The inequity in the distribution is aggravated by the peripheral effect of other laws. The federal government credits gross receipts revenues in computing local tax effort so that these municipalities are entitled to an increased share of federal funds. See 31 U.S.C. §§ 1227(b) & 1228(e). Further, there is an anomaly resulting from the failure to consider revenues received from the gross receipts tax in computing eligibility for state aid to education. See N.J.S.A. 18A:7A-17 et seq. Thus, a municipality that has no local school tax because of its share of gross receipts can receive state education aid. Additionally, the State's 5% CAP law on expenditures does not apply in Lower Alloways Creek, for example, because its municipal tax rate is less than 10 cents per $100 of assessed valuation. See N.J.S.A. 40A:4-45.2. Moreover, as utilities close obsolete plants located in urban areas and construct new facilities elsewhere, the inequity as well as the inequality of the allocation scheme will become even more pronounced.
Plaintiffs also emphasize that the amount being paid to municipalities which have substantial scheduled property within their borders is continuing to increase even though the scheduled property located in a particular community remains constant. This incongruous result is due to inflation and the increased price of oil. As a regulated industry, the utilities have been able to pass on to the consumer these increased costs in the form of higher rates. Electric and gas company tariffs contain fuel adjustment clauses which permit rate increases predicated solely upon the increased cost of oil or natural gas without generating additional net income. See, e.g., In re Revision of *313 Rates by Redi-Flo Corp., 76 N.J. 21 (1978). These higher rates result in more revenues and in turn create larger gross receipts taxes. At least to this extent higher rates and consequently taxes subject to apportionment are not related to any increase in value in the scheduled property. Accordingly, the municipalities which have been receiving substantial funds from the gross receipts tax have been the beneficiaries of larger amounts unrelated to productivity.
The burden of the gross receipts tax is ultimately borne by the utilities' customers throughout the State. It thus amounts to a sales tax derived almost entirely from the sale of electricity and gas. However, under the current scheme, residents of certain small municipalities enjoy low local taxes and budget surpluses. Other financially strapped municipalities with substantially larger populations have been indirectly paying a far larger part of the tax and yet have been compelled to lay off public employees, cut back essential services, and raise already high local tax rates. This inequity which plaintiffs alleged has been recognized by Governor Byrne who commented in his Annual Message to the Legislature on January 9, 1979:
The utility gross receipts and franchise tax distribution formula must be reworked to return funds to municipalities in a more equitable way. [1978 Annual Report of the Governor 2]

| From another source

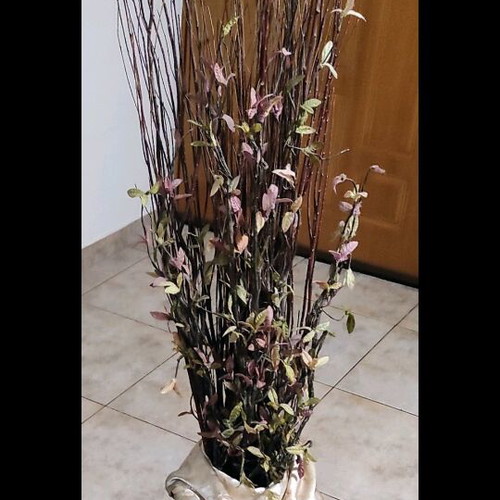 Clay vase 50 cm high with artificial flowers 1.40 m used, burgundy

Plaintiffs frankly state that "it is only the Legislature which may change the apportionment of the public utility gross receipts tax," and that the "Legislature has not acted to modify this formula over the years...."[3] Accordingly, they "have been impelled to seek a resolution of this problem in the *314 courts." They have phrased the legal issue in terms of whether the Legislature may structure a tax system so that a few municipalities receive virtually unlimited amounts of revenues from state taxes while others receive a relative pittance from the same source.
At the outset it should be emphasized that no one, including plaintiffs, quarrels with the validity of the imposition of the tax. See Foosaner v. Director, Div. of Taxation, 58 N.J. 57, 62 (1971). The heart of the complaint is the alleged infirmity in N.J.S.A. 54:30A-61 which directs the apportionment of the 7 1/2% of gross receipts.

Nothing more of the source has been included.